A tendência é que os presidentes ratifiquem o retraimento de Mestiço. Nesta terça-feira, os 27 assinaram uma epístola na qual pedem que ele renuncie.

“Vimos, pelo presente, fazer um apelo ao Sr. Rogério Mestiço, que tenha a sensibilidade de reconhecer o momento e, em prol do futebol brasiliano, renunciar ao missão de presidente da CBF.” [sic]

A punição por uma “conduta inapropriada” foi considerada branda e abre espaço para que Mestiço conclua o seu procuração, que vai até abril de 2023. No sumo, ele corre o risco de não concorrer à reeleição. O próximo pleito está previsto para abril de 2022.

Mestiço também foi denunciado à Percentagem de Moral em outros dois processos de funcionários. Um por assédio moral e sexual e outro por assédio moral.

Já o Ministério Público do Trabalho do Rio de Janeiro (MPT-RJ) abriu uma investigação no dia 7 de junho e conduz o caso de forma sigilosa. Posteriormente diligências, o órgão poderá oferecer denúncia à Justiça do Trabalho ou arquivar o caso.

“O envolvente [Comissão de Ética] é de uma investigação com fins administrativos, não é o melhor sítio para que se faça uma investigação isenta, sem interferências políticas, interesses pessoais e financeiros. É importante que o caso seja escolhido pela polícia e pelo Ministério Público”, diz o jurisperito Augusto Arruda Botelho.

Segundo a advogada criminalista Priscila Pâmela dos Santos, o desfecho do caso evidencia o machismo estrutural. “São tais práticas que passam a mão na cabeça dos assediadores, não os punem no envolvente corporativo. Por outro lado, estigma ainda mais as mulheres para que não tenham coragem de denunciar”, diz a advogada. “Tentar fazer do assédio um tanto menos grave é muito sério.”

Nesta terça-feira, o recomendação de governo da CBF nomeou Ednaldo Rodrigues, ex-presidente da Federação Bahiana de Futebol, para presidir a entidade até o veredito sobre Mestiço.

Rodrigues substitui Antônio Carlos Nunes, o Coronel Nunes, que vinha adiante da entidade desde o retraimento do mandatário.

Rodrigues é quem convocará a Parlamento Universal.

De consonância com o regime da CBF, ela deve ter quorum de pelo menos 21 representantes de federações estaduais para resolver se confirma ou não a sanção proposta pela Percentagem de Moral. Serão necessários 80% dos votos favoráveis para punir Mestiço.

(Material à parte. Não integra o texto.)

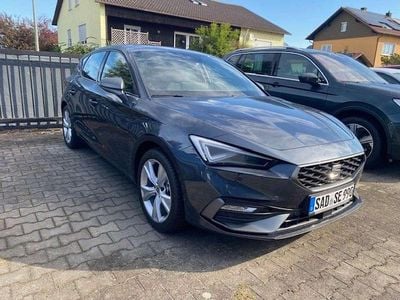 Grau Gebraucht 2025 Seat Leon FR Limousine | 27.990 € (Fairer Preis)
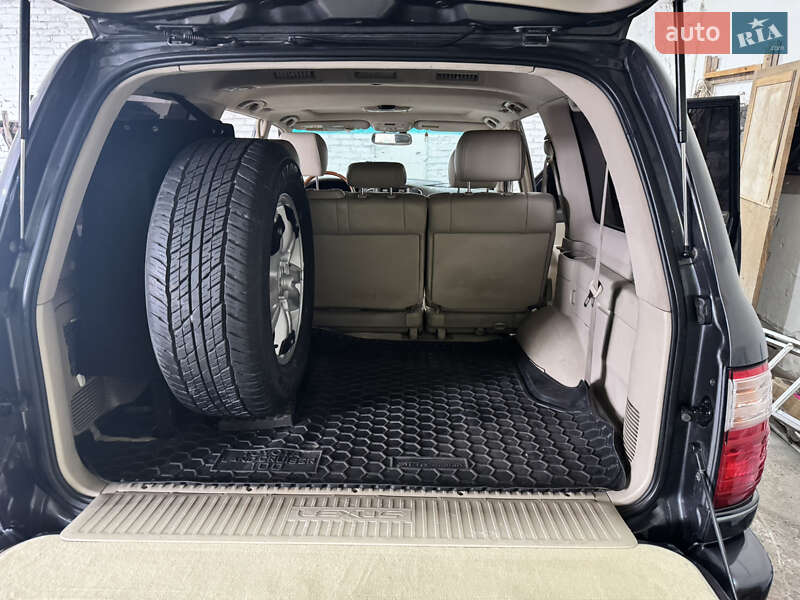 Позашляховик / Кросовер Lexus LX 2003 в Слов'янську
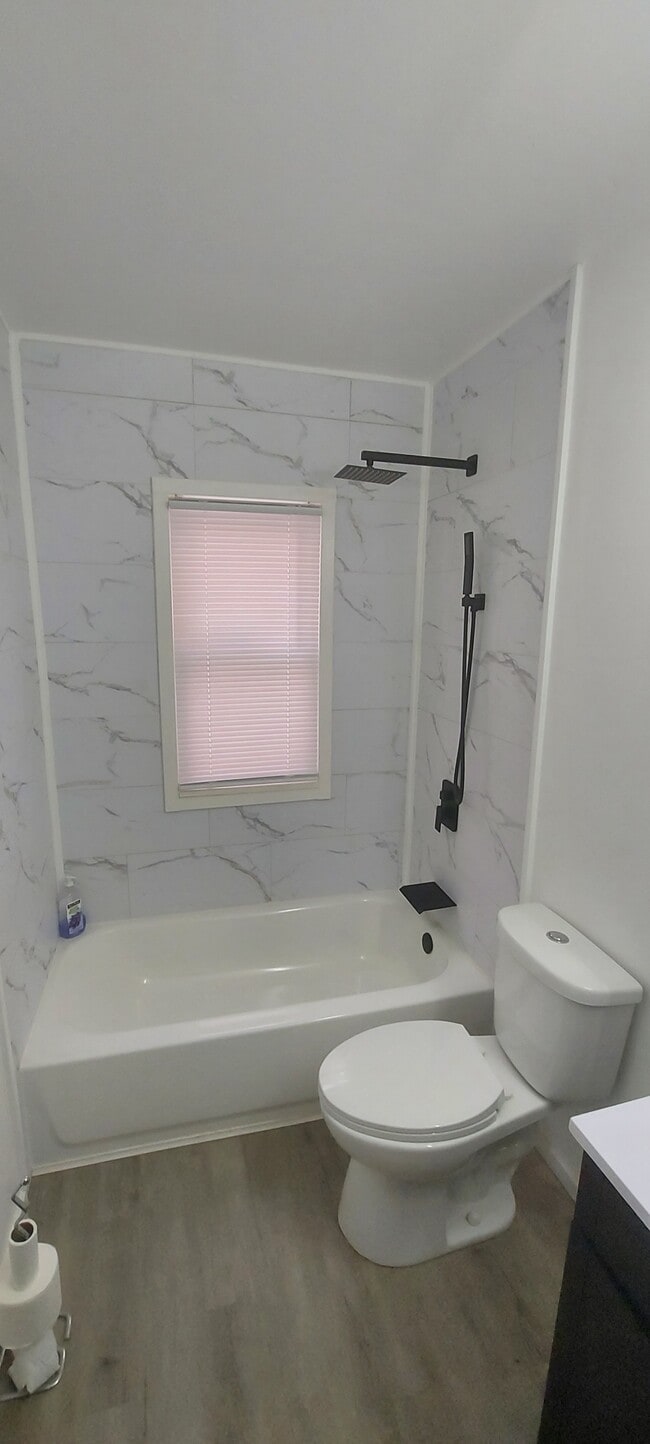 Building Photo - 17147 Hartwell St Unit Turner properties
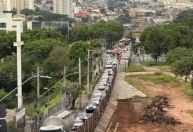 Obra na Cristiano Machado, em BH, ‘trava’ o trânsito rumo a Confins e Centro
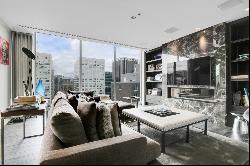 Sophisticated Soho Lisgar Rental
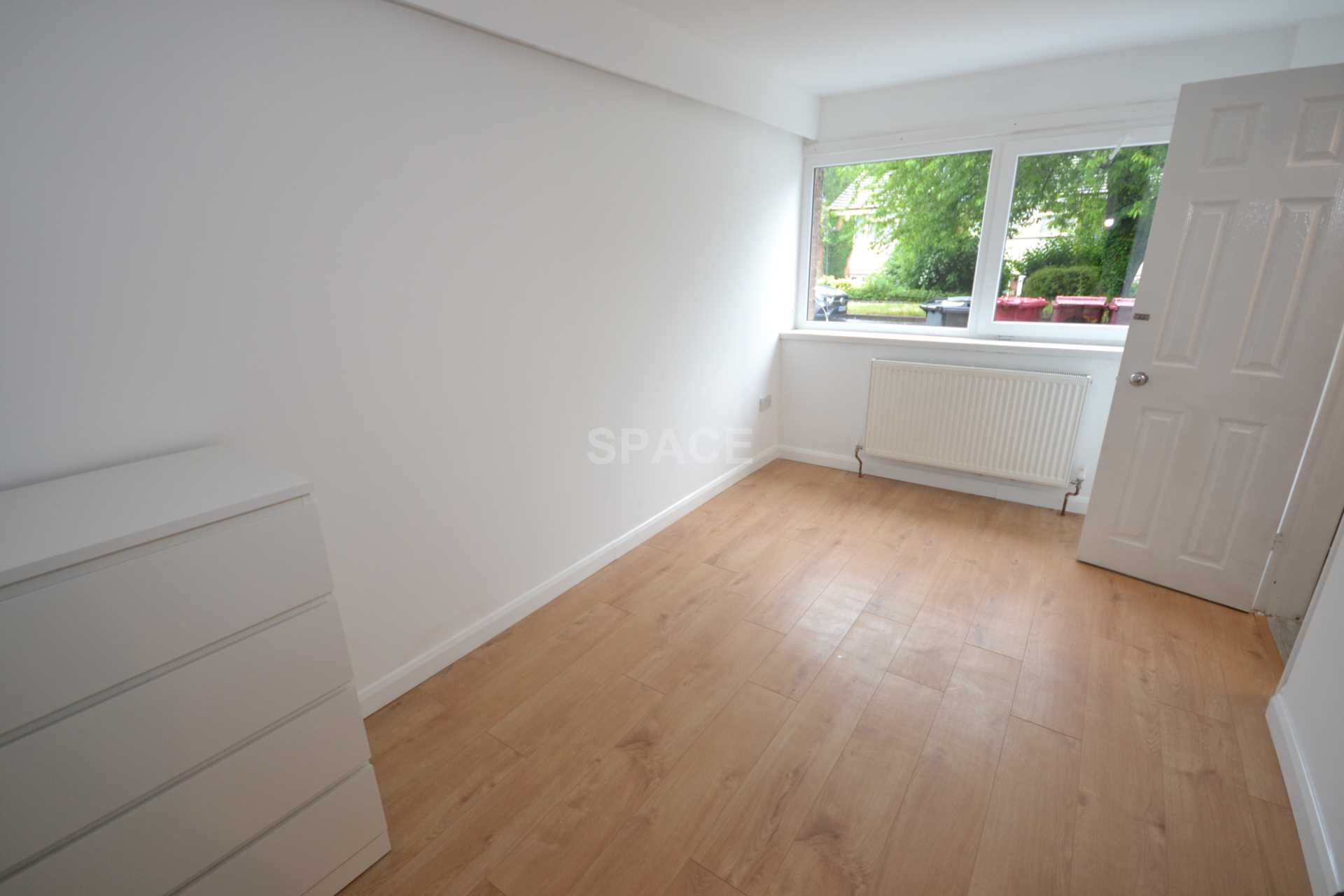 Hill Brow, Reading, RG2 8JD, Image 11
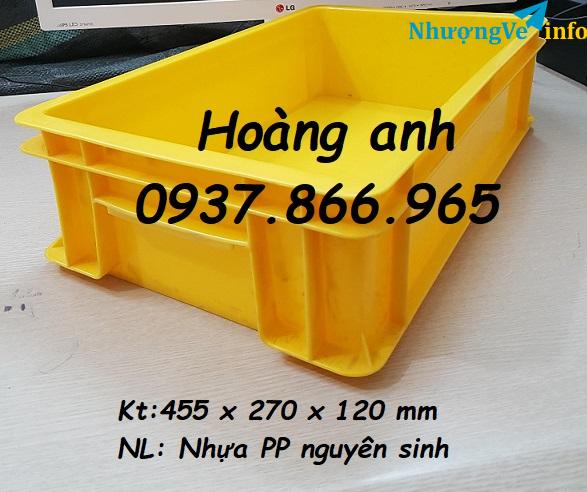 Ảnh Thùng nhựa đặc B2, thùng nhựa có nắp, khay nhựa tại Hà Nội, khay đặc, khay nhựa đựng cửa hàng bán kim khí trưng bày sản phẩm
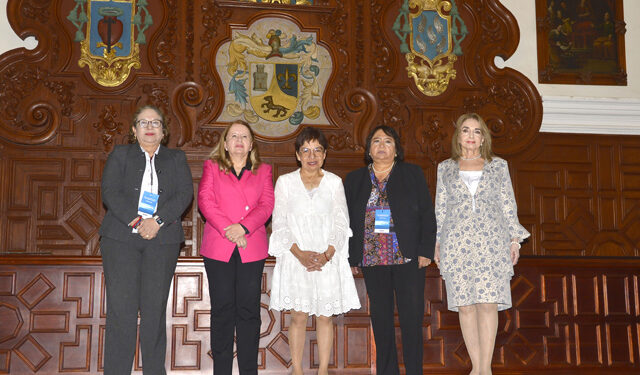 Dicta ministra de la SCJN conferencia en la BUAP sobre la justicia en la era de la inteligencia artificial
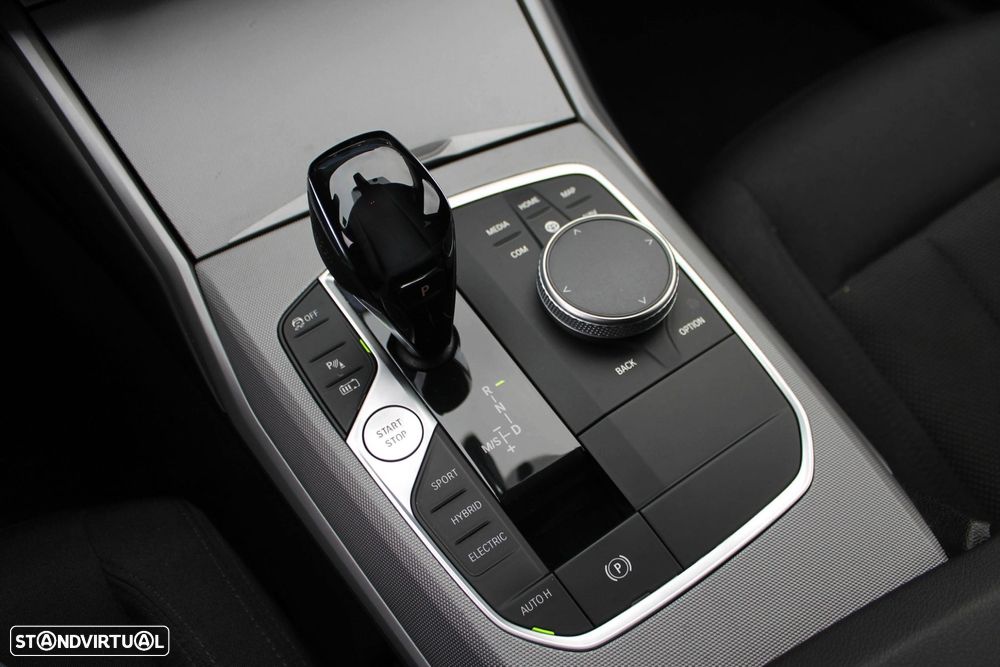 BMW 330 e Touring Auto - 27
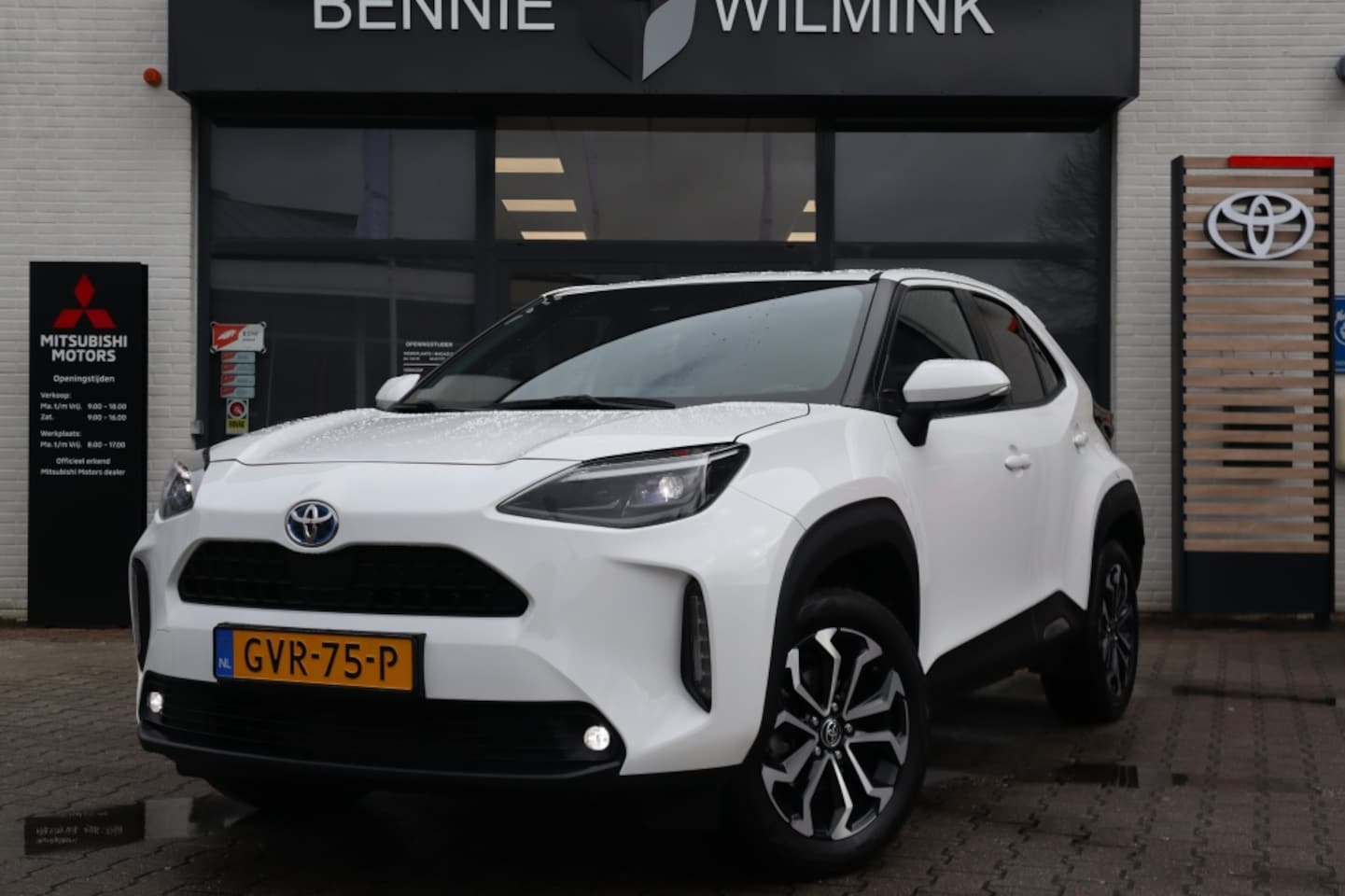 Toyota Yaris Cross - 1.5 Hybrid First Edition | Keyless | Carplay | Adapt. Cruise - AutoWereld.nl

A Nike, uma das principais patrocinadoras da CBF, disse que não vai comentar o objecto. Outros parceiros da entidade não responderam ao questionamento até a publicação desta reportagem.

Mestiço, por meio de nota, afirmou não ter cometido “nenhum tipo de assédio”, De consonância com o dirigente, “isso está atestado por pareceres de alguns dos maiores juristas do país”.

“Mestiço lamenta que, mesmo com tantas evidências de que ele não cometeu assédio, ainda assim o objecto seja tratado de forma equivocada por segmento da prelo”, diz a nota enviada à reportagem.

“O presidente da CBF vem sendo cândido de um golpe político para retirá-lo do comando da confederação e vai lutar para que a verdade seja reestabelecida e ele volte ao missão para o qual foi eleito legitimamente”, conclui o texto.